WORK ITEM -
Skip the pictures and retype exactly the lines from the one holding "Volvo XC 40 ver-d4-scr-awd-inscription - 21" through the end of the entries.

DATA LISTING -
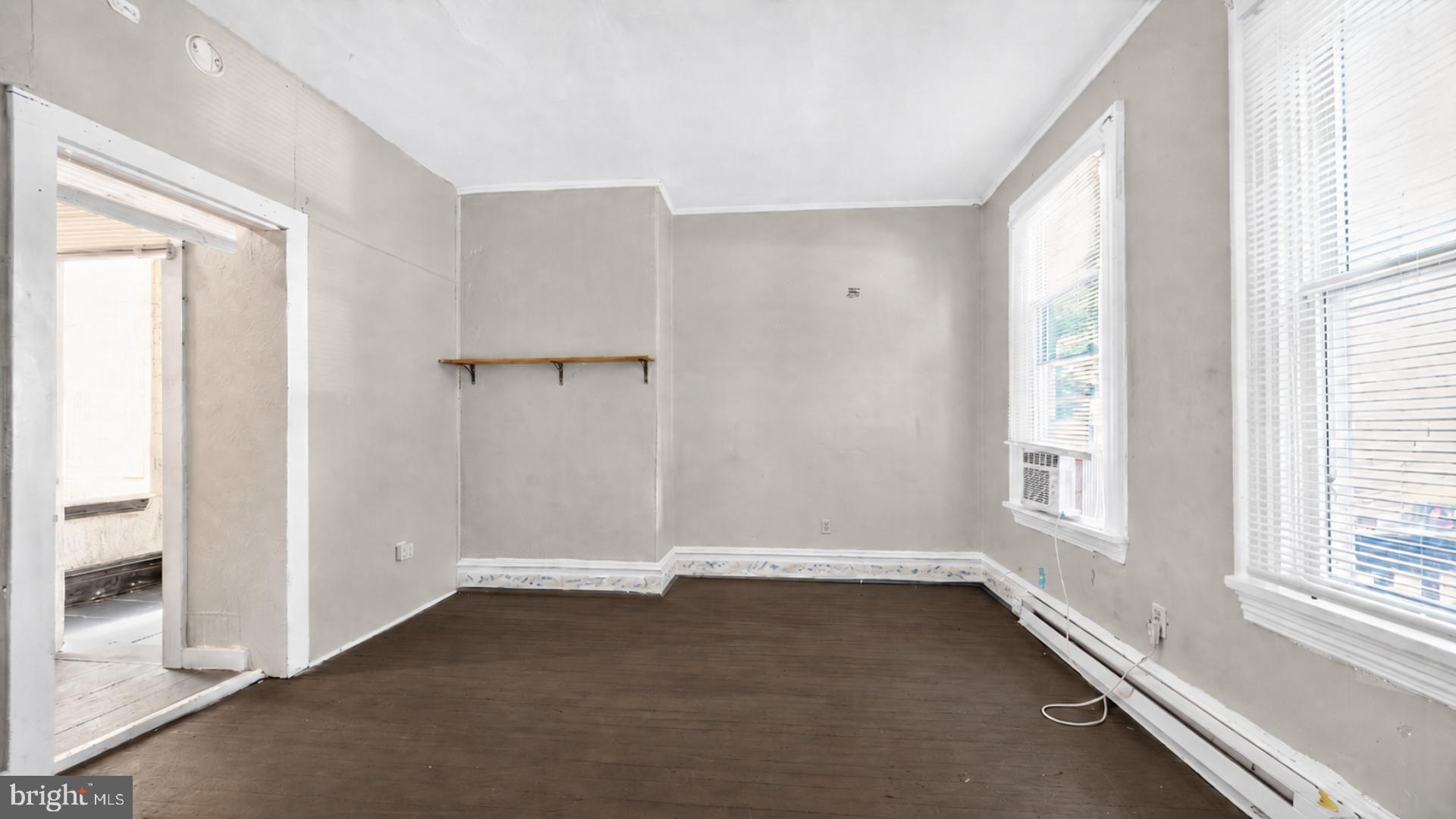 40 S GOVERNORS AVENUE 2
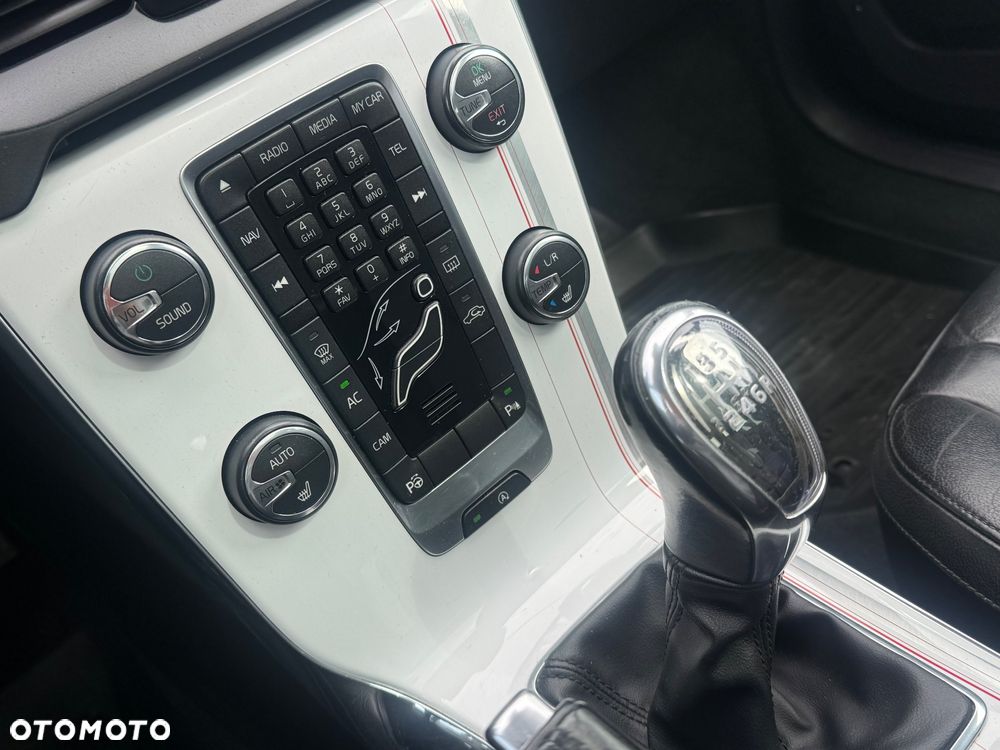 Volvo XC 40 ver-d4-scr-awd-inscription - 21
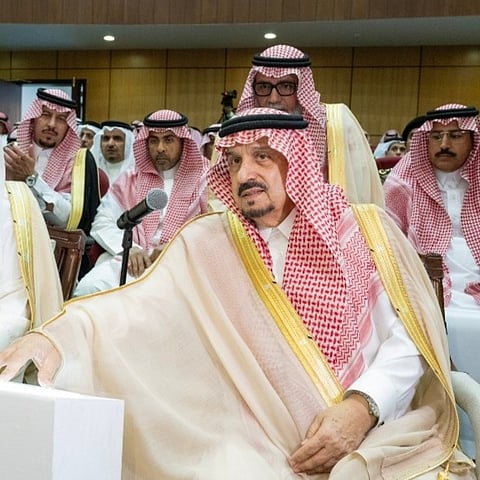 الأمير فيصل بن بندر خلال تدشين عددًا من المشروعات التنموية في محافظة شقراء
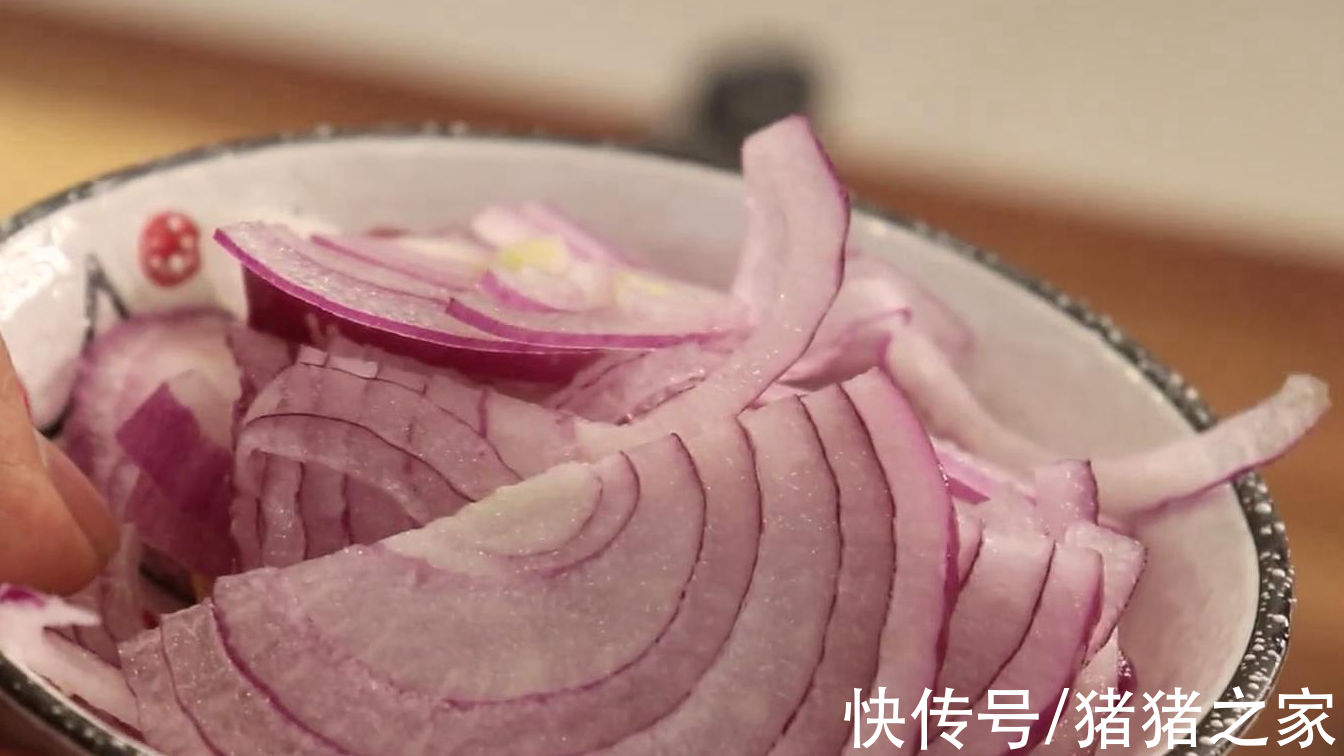 新疆炒烤肉|别出去吃烧烤了，教你做新疆炒烤肉，好吃得停不下来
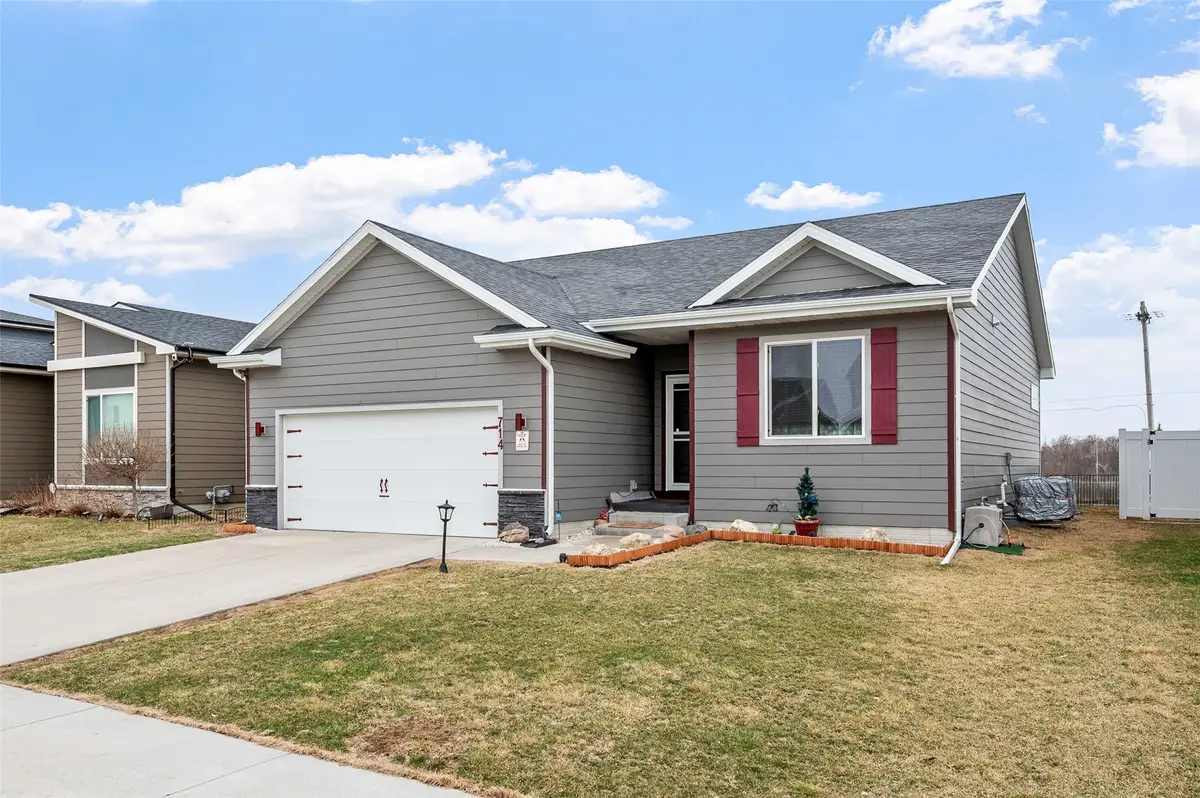 714 SE 69th Street, Pleasant Hill, IA 50327 - #1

SOLUTION TO THE EXERCISE -
 Volvo XC 40 ver-d4-scr-awd-inscription - 21
 الأمير فيصل بن بندر خلال تدشين عددًا من المشروعات التنموية في محافظة شقراء
 新疆炒烤肉|别出去吃烧烤了，教你做新疆炒烤肉，好吃得停不下来
 714 SE 69th Street, Pleasant Hill, IA 50327 - #1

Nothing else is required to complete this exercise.